Other teaching positions include honorary professor at Liszt Ferenc State University (1999), Distinguished Visiting Professor at Tokyo University of the Arts (2018), Visiting Professor at Korea National University of Arts (2016, 2022) and Visiting Professor at Yonsei University, Seoul (2018).

He is a co-founder (with Dinah Molloy-Thompson) and trustee of the Eric Thompson Charitable Trust for Organists and a Liveryman of the Musicians' Company. He is a member of the Senior Common Room at Pembroke College, Oxford, where his portrait was displayed in the Dining Hall throughout the year 2023.
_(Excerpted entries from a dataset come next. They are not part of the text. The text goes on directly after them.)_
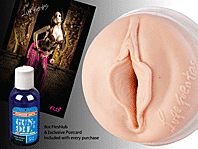 Exclusive Postcard Of Lia19 & 2oz Gun Oil Lube With Purchase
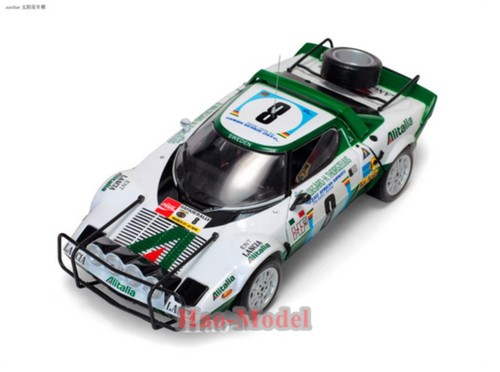 Sunstar lancia stratos - lancia, 8#
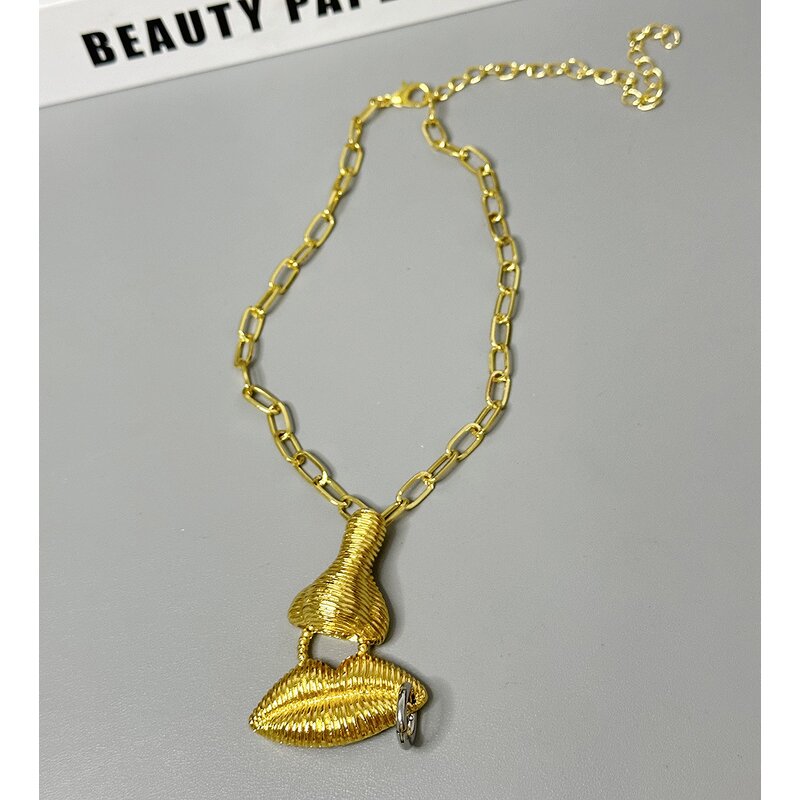 Alloy Pendant Supplier - Custom Unique Zinc Alloy Jewelry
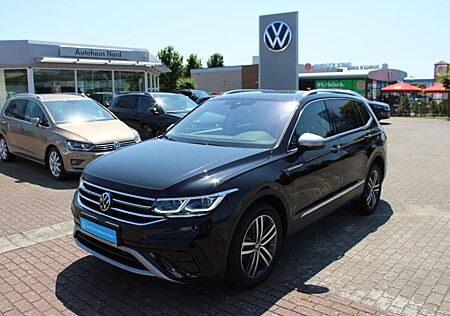 VW Tiguan Allspace Volkswagen Elegance 2.0 TDI 4Motion DSG AHK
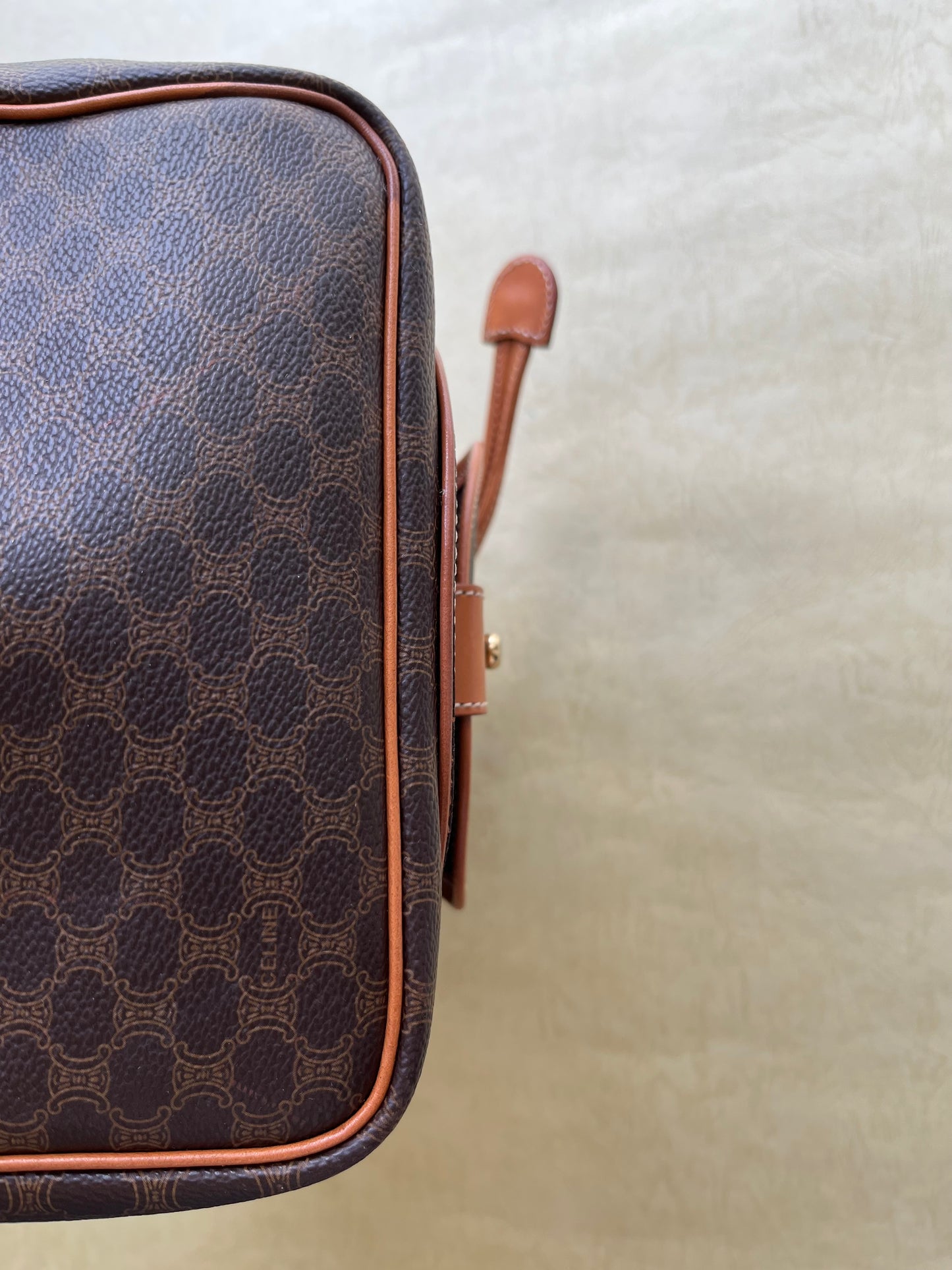 Vintage Celine Backpack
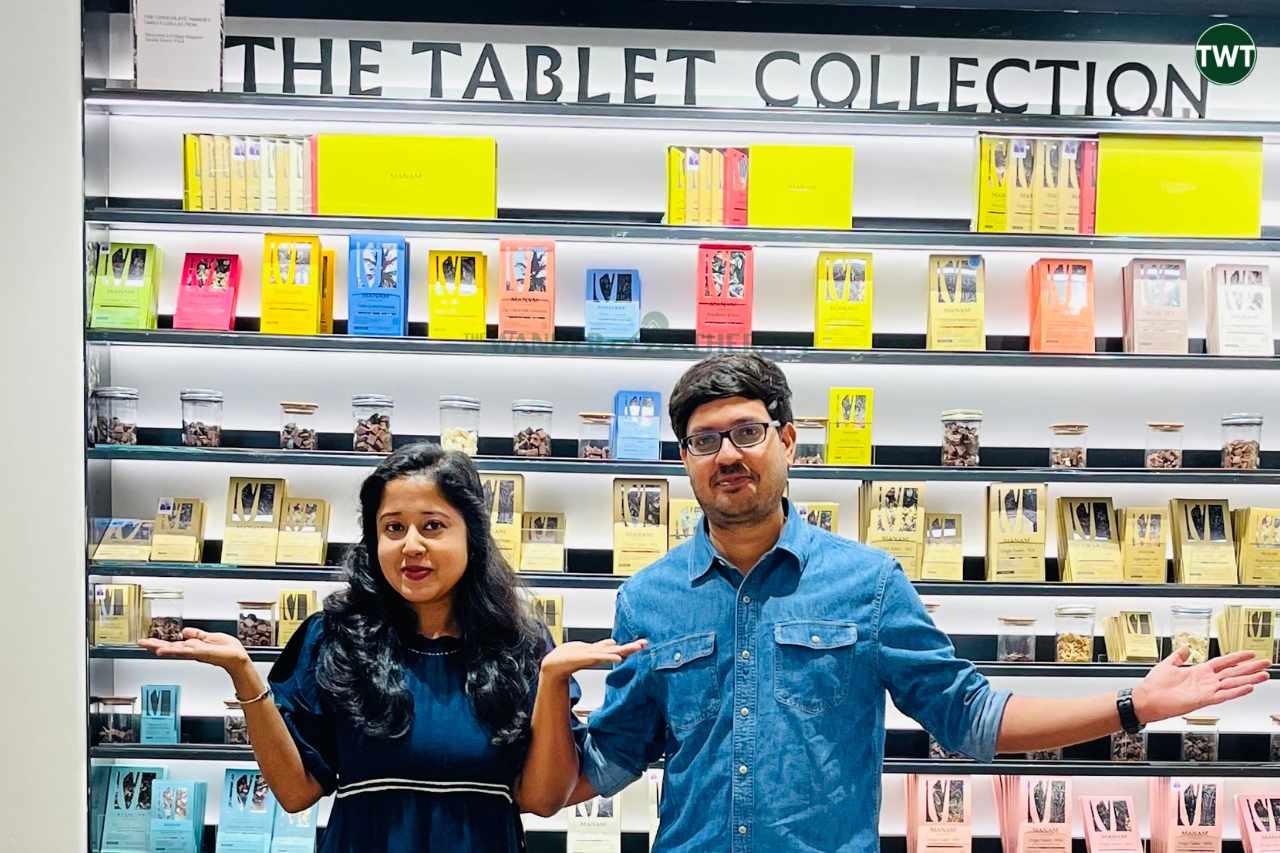 manam chocolate karkhana hyderabad : The Tablet Collection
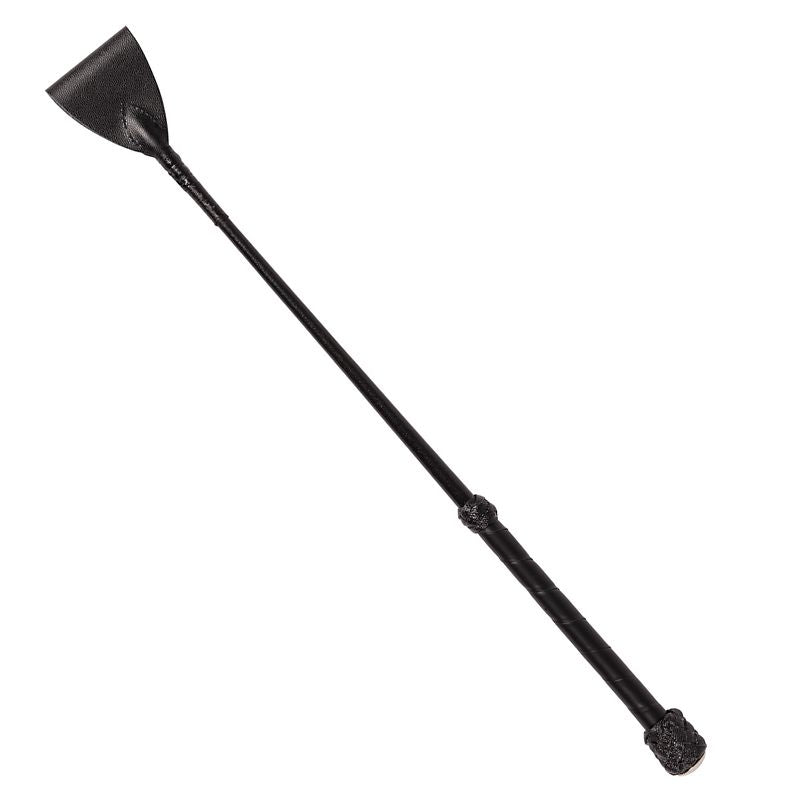 Huntley Equestrian Leather Jumping Bat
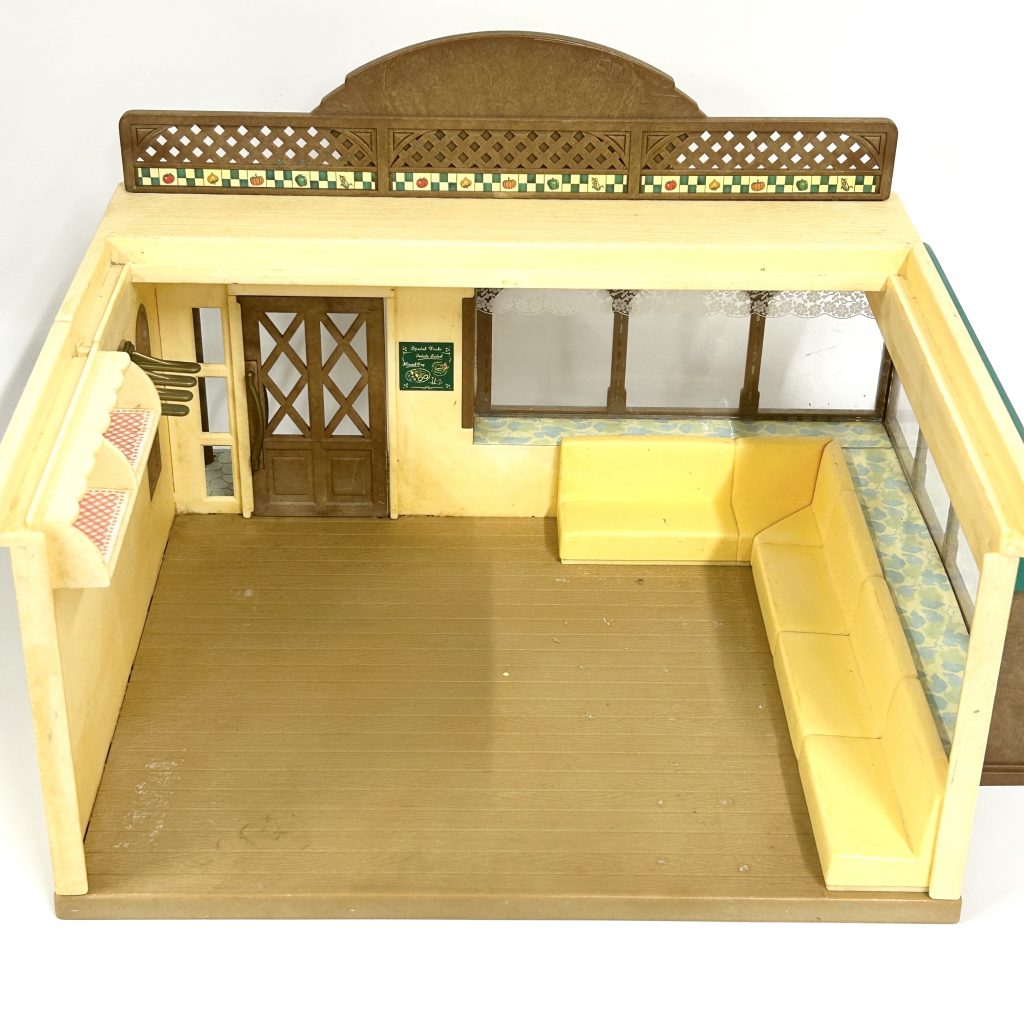 [used] Sylvanian Kitchen 2000 HA-31 Sylvanian Families Calico Critters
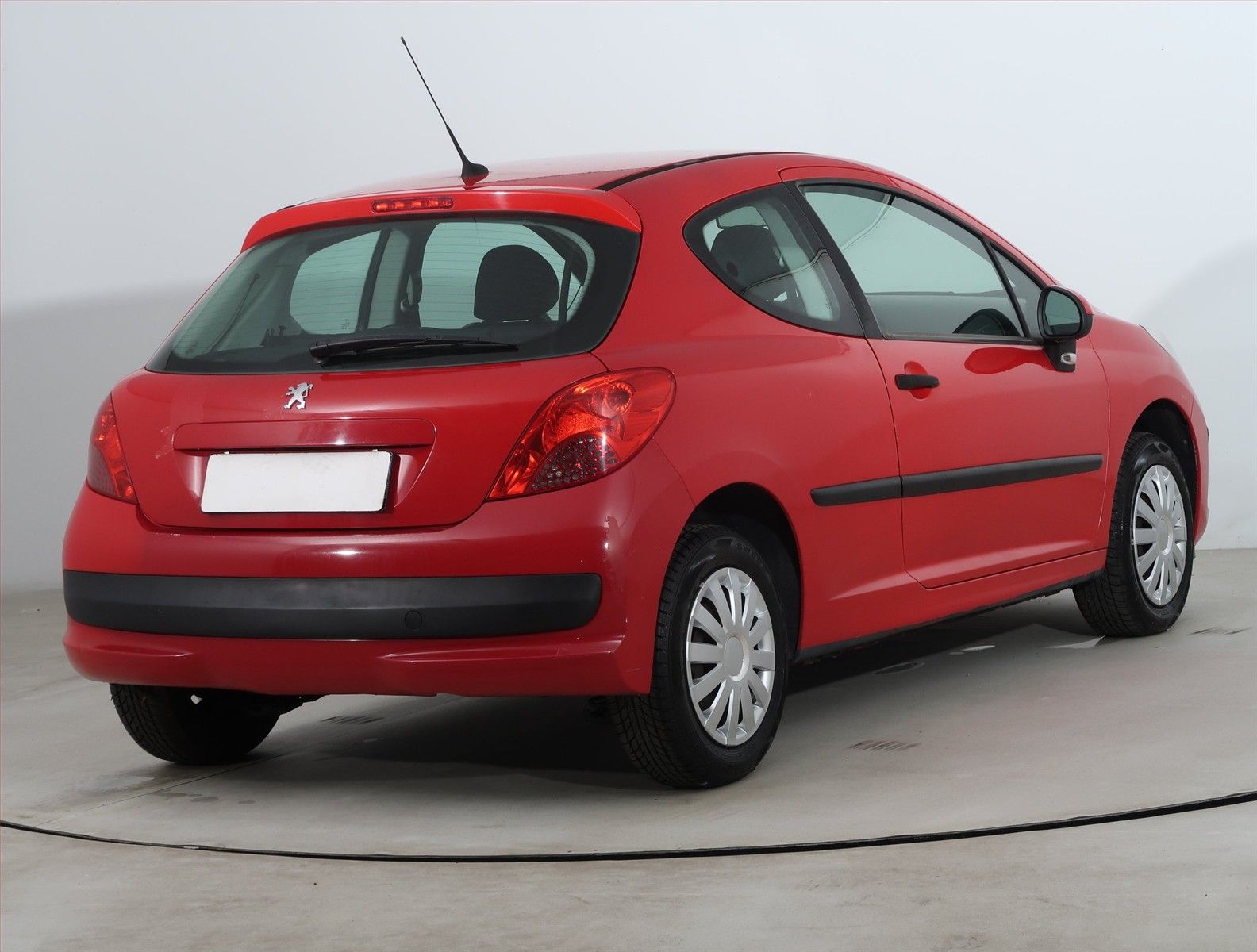 Peugeot 207, 1.4, plně pojízdný - fotka 5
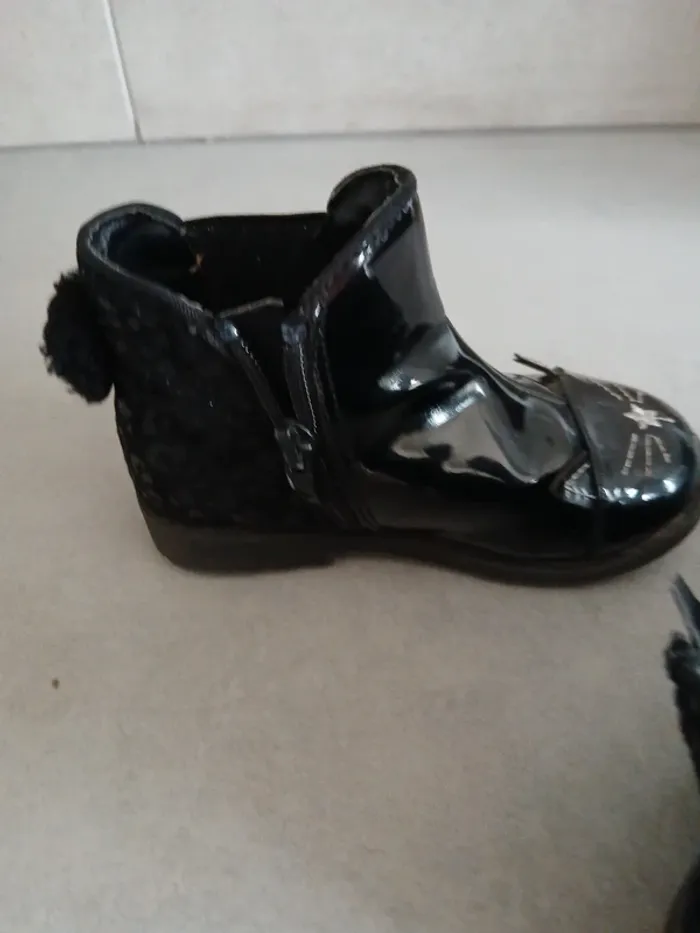 Chaussures bottines - photo numéro 5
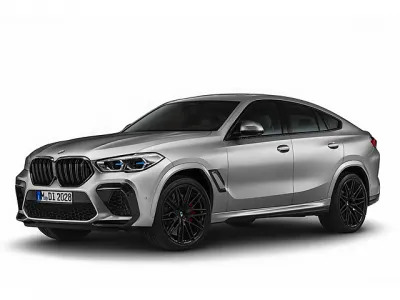 BMW (X6 M)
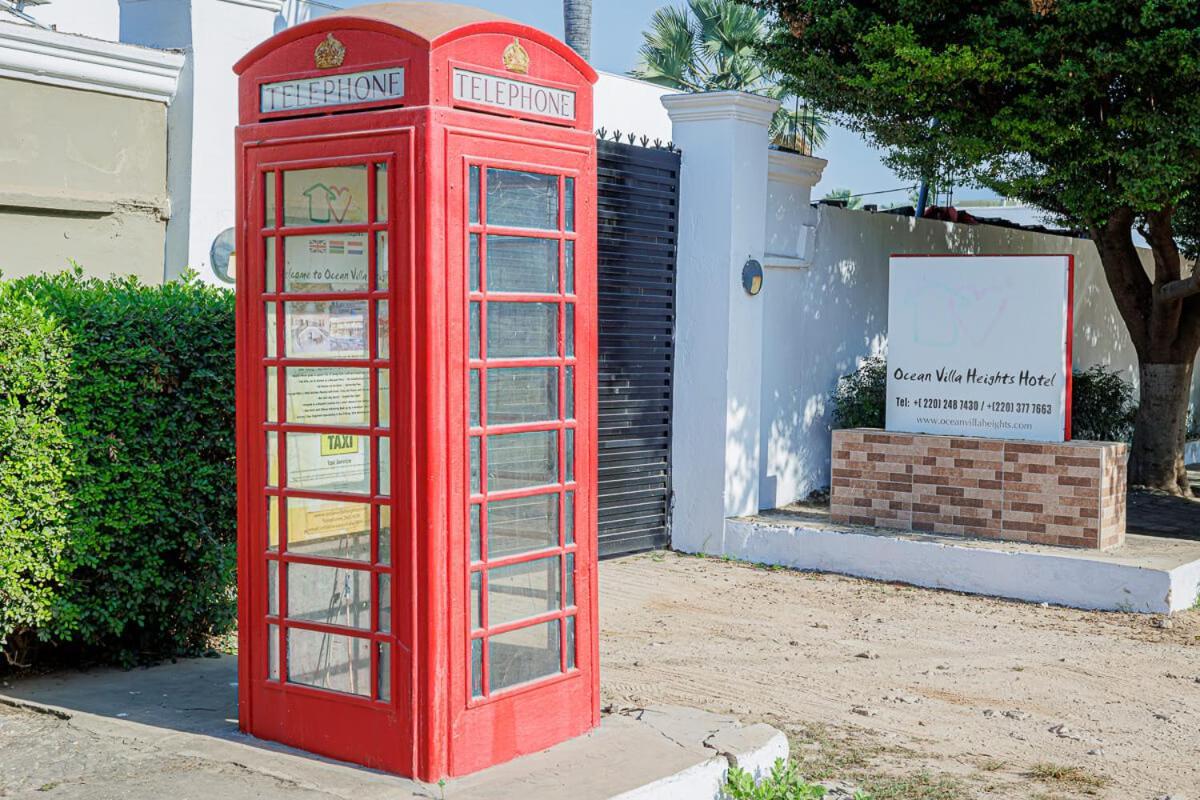Ocean Villa Heights Brufut Luaran gambar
Awards including honorary fellow of Bolton Institute of Higher Education (1992), Honorary Fellow of the Royal College of Organists (1999), Honorary Fellow of King's College London (2018), honorary member of the Royal Academy of Music (2008), Hon. DMus of Liszt Ferenc Academy of Music, Budapest (2000), Honorary Doctor of the University of Huddersfield (2010), Honorary Doctor of Arts, University of Bolton (2018), elected Fellow Commoner Sidney Sussex College, Cambridge 2018.

== Performances ==
Titterington appears in recitals and concertos festivals worldwide. For eighteen years, he gave annual masterclasses and recitals at the Dartington International Summer School.

He made his debut at the BBC Proms on 6 August 1990 with a solo recital which included a Proms commission from Diana Burrell, Arched forms with bells. At the BBC Proms 2000, he played in the UK premiere on 1 September 2000 of Hans Werner Henze’s Ninth Symphony with the BBC Symphony Orchestra and in the BBC Proms 2009, he gave his second solo recital (25 July 2009) of works by Elgar and Peter Dickinson. Royal Festival Hall recitals include his debut in 1986 followed by a recital in the 50th anniversary recital series which included the premiere of Stephen Montague’s Toccare Incandescent commissioned by the Southbank Centre. In February 2016, his recital included the world premiere of a Southbank commissioned work by Sally Beamish, Chaconne.